Historiographical Dating
Under this approach (termed historico-criticism by Wellhausen and his predecessors),
texts are dated in conjunction with historical theories that also seek
hypothetically to explain by whom the texts were introduced and for what historical
motives. A proposed historical background becomes the key to dating the
text. This approach was utilized by the historian Wellhausen and in recent times
by Davies and Albertz.
This book takes the position that the dating of texts should be strictly divorced
from the writing of history. Dating a text is an attempt to establish a fact, while
history writing, or historiography, whether ancient or modern, is ultimately a
form of storytelling, an entirely different enterprise. It is the essential task of the
historian to synthesize and interpret, to take into account all available historical
data83 and to transform them into "history," that is, a story that in some ways
makes sense of the past. In a sense, the skills of the historian work against the
interests of scientific investigation, for a sufficiently persuasive and engaging
historian may be capable of telling a story so detailed and compelling that it
takes on the semblance of fact. But a historian's ability as a storyteller should not
translate into authority as a creator or arbiter of historical fact. For this reason,
the ascertaining of the underlying facts of history—including the dating of
texts—should be pursued as a technical discipline separate from historical
exposition.
Inductive Dating
Under this approach, features of a text are compared for significant correlation
with contemporary literary genres, literary parallels, language usage, cultural
details, social institutions, relevant archaeological discoveries and other concretely
historical data.84
One important instance of this approach was Van Seters'
comparison of Jewish historiography with that of other cultures. He established
that the historiographical writings of the Hebrew Bible showed influence from
Mesopotamian historiography of ca. 750 BCE or later85 and Greek historiography
of 520 BCE or later86 (although Van Seters avoided drawing chronological conclusions
from the Greek data which were inconsistent with his theory of an exilic
period dating of J87).
Garbini, who viewed the prominence of Ur and Harran in
the Abraham story as details deriving from the time of Nabonidus, also utilized
inductive dating technique. The best practitioner of this approach is arguably
Redford, who showed that the Egyptological data of the Joseph and Exodus
stories was consistent with the Saite, Persian and Ptolemaic periods.
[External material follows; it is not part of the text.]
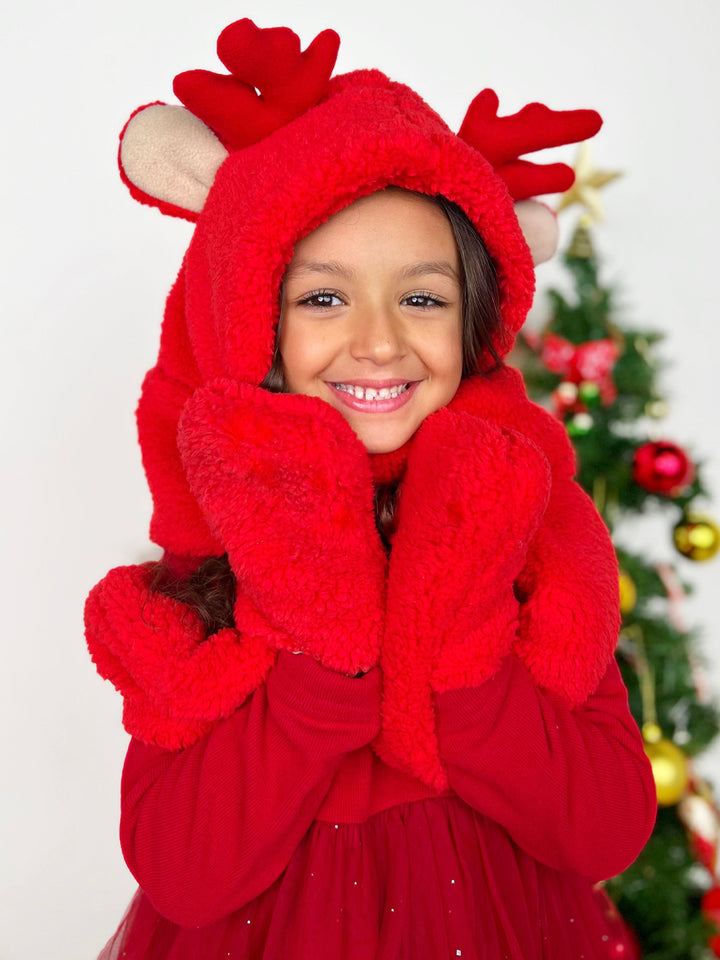 Girls Red Nosed Reindeer Hooded Pocket Scarf Mia Belle Girls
One limitation of this approach is that in many cases it is subject to the
criticism of being an argument from silence. The many Egyptological parallels
of the Joseph and Exodus stories starting with the Saite period listed by Redford
do not preclude similar, less frequently attested or (so far) unattested Egyptian
language parallels, etc., of an earlier period.
The inductive dating approach thus in many cases falls short of absolute
proof, since it often simply points to a specific period rather than absolutely
excluding earlier or later periods. This is not always the case, however, as sometimes
it is possible to show that a particular detail is not only appropriate for one
period but also is anachronistic for other periods. For instance, the mention of
"Ur of the Chaldees" is anachronistic before the ninth century BCE, when
Chaldea first appeared as a locality in Assyrian records.88 Similarly, Lydia (Lud)
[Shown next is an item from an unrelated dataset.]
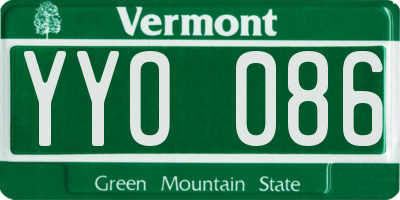 VT license plate YYO086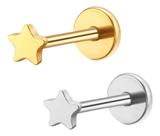 PIERCING ESTRELA, TITANIO, ASTM F-136, POLIDO,ROSCA INTERNA, BASE PLANA Tam: 1.0*8+4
in the Table of Nations is anachronistic before ca. 700 BCE.89 The mention of
coinage prior to the seventh century BCE is anachronistic, as likely also the mention
of camel transport before about the ninth century BCE.90 Yet such details can
always be argued to have been late glosses on an older text.
Another limitation of this approach is the often capricious manner in which it
preconceptions of terminus a quo and ad quem, when other periods not considered
might provide equally good or better parallels. Van Seters, for instance,
arbitrarily took the historiographical data to indicate a date of composition of the
sixth century BCE. As Lemche pointed out, the historiographical data equally or
better fit the Hellenistic period. Redford admirably considered data from all
Egyptological periods and found the Joseph and Exodus stories to correlate with
Saite, Persian and Ptolemaic data. Yet in his statement of conclusions, he arrived
at a date in the Saite or Persian period, when a Ptolemaic era dating is equally
indicated. Redford evidently considered a Ptolemaic (Hellenistic) era dating
excluded by unstated terminus ad quem evidence of a non-Egyptological character.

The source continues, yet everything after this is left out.